━━━ MATERIAL FOR THIS EXERCISE
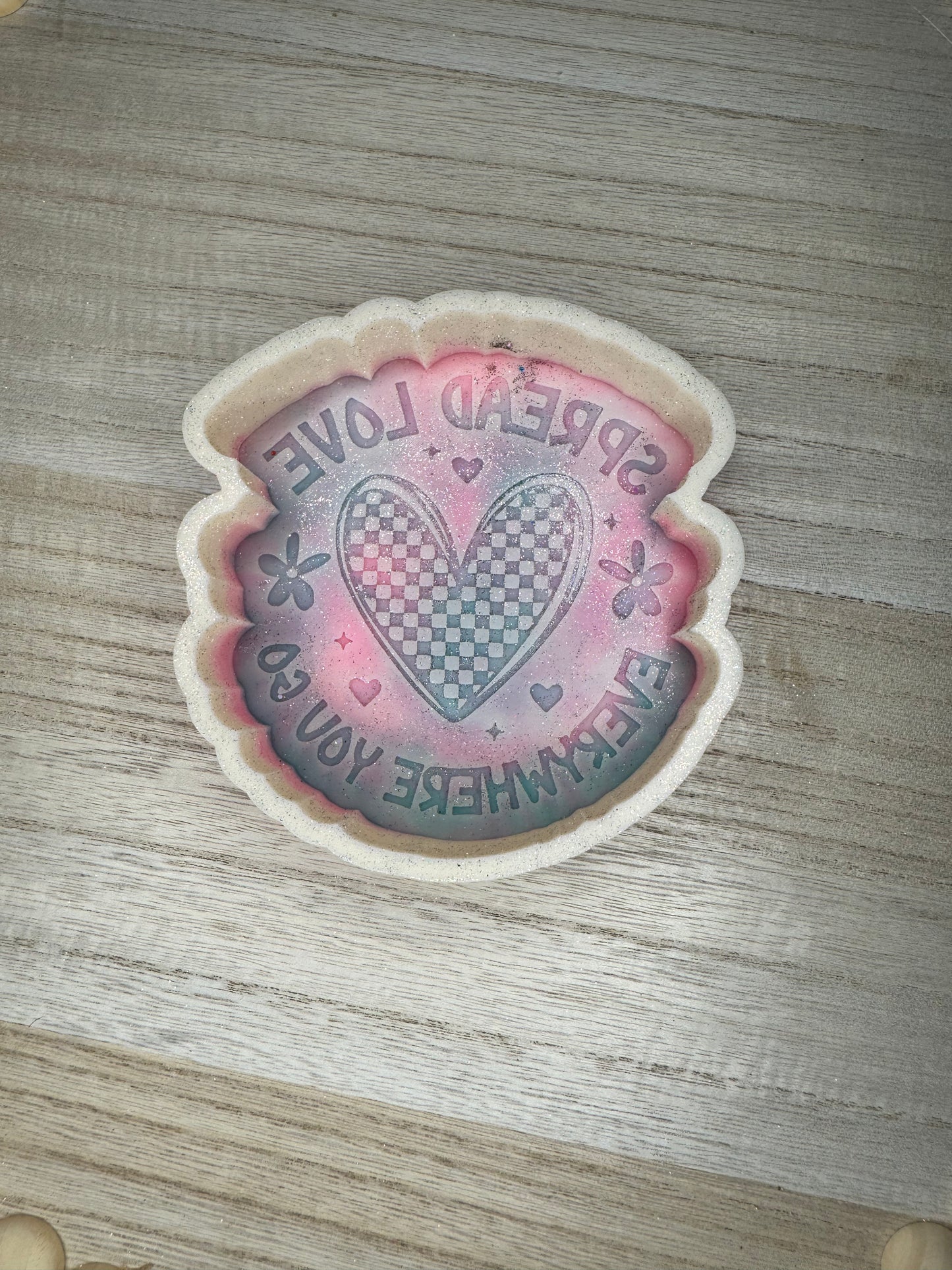 Spread Love - Sunshine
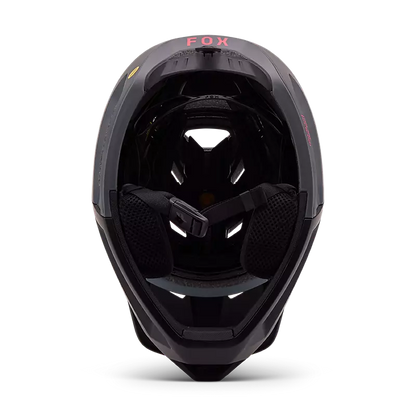 Fox Racing Proframe RS Full Face Helmet - Taunt - Black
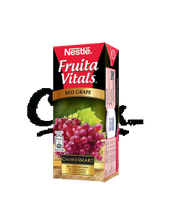 Nestle Fruita Vitals Red Grape Nectar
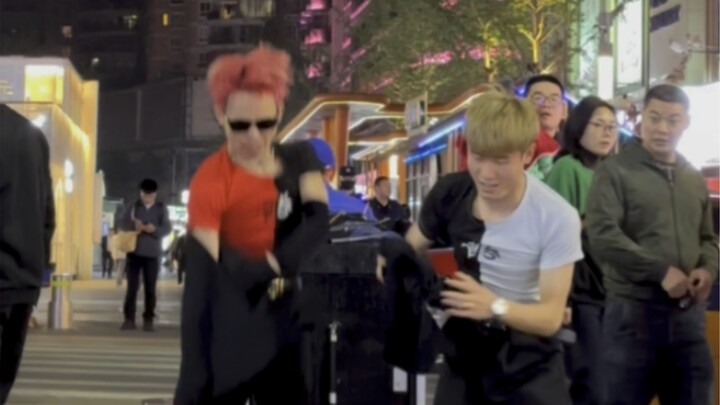 Heroic Dance and Chivalry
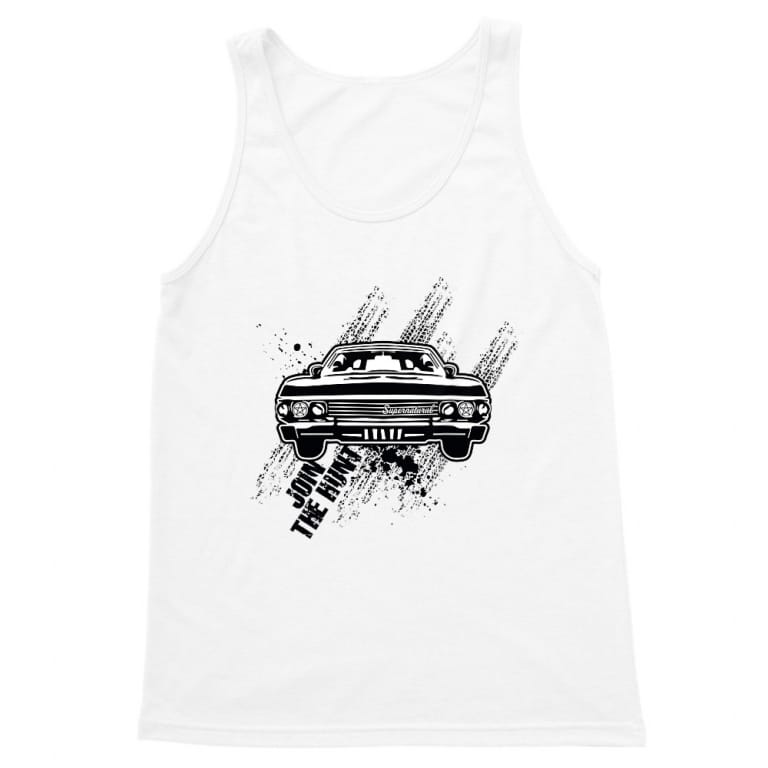 Supernatural Car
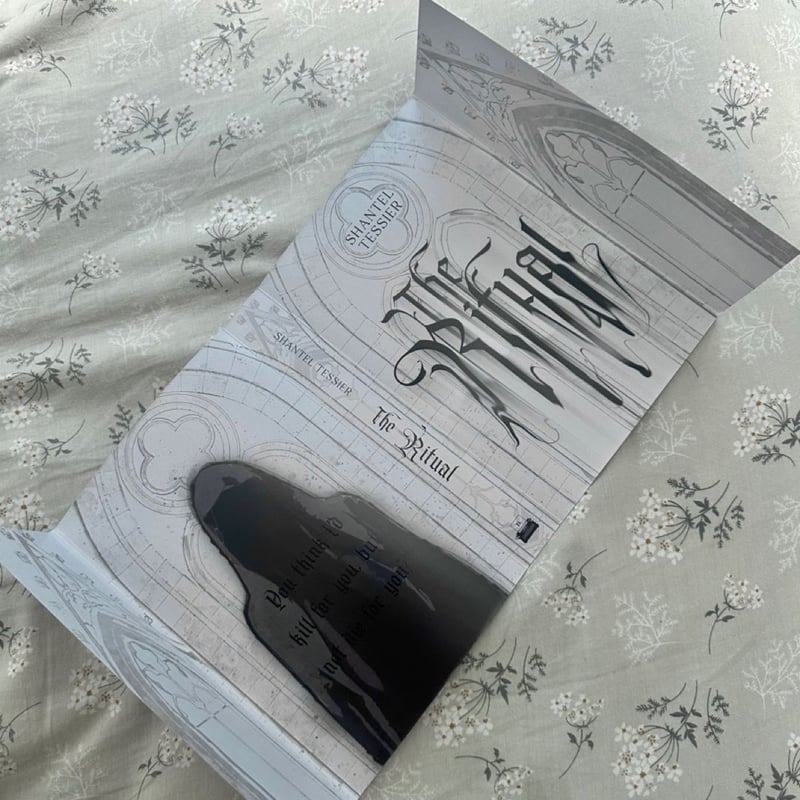 The Ritual by Shantel Tessier, Hardcover | Pangobooks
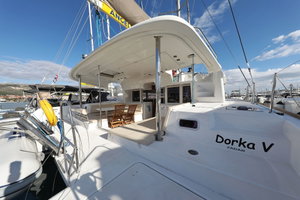 Lagoon 450 „Dorka V“ – fotka 7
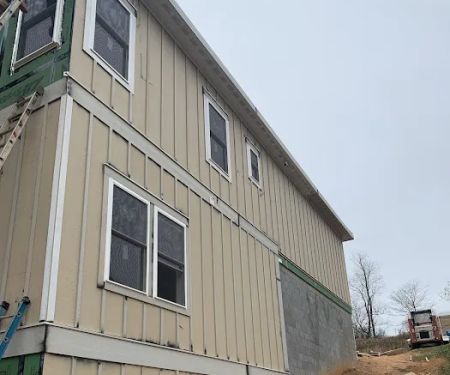 J&G SIDING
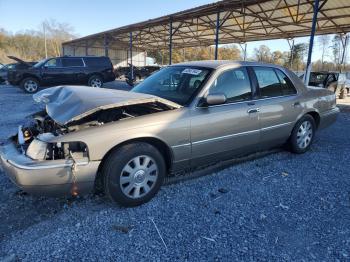  Salvage Mercury Grmarquis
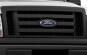 2011 Ford F-150 XL Regular Cab Front Grille and Badging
━━━━━━
EXERCISE OBJECTIVE
Without including any pictures, print each record exactly.

SOLUTION
 Spread Love - Sunshine
 Fox Racing Proframe RS Full Face Helmet - Taunt - Black
 Nestle Fruita Vitals Red Grape Nectar
 Heroic Dance and Chivalry
 Supernatural Car
 The Ritual by Shantel Tessier, Hardcover | Pangobooks
 Lagoon 450 „Dorka V“ – fotka 7
 J&G SIDING
  Salvage Mercury Grmarquis
 2011 Ford F-150 XL Regular Cab Front Grille and Badging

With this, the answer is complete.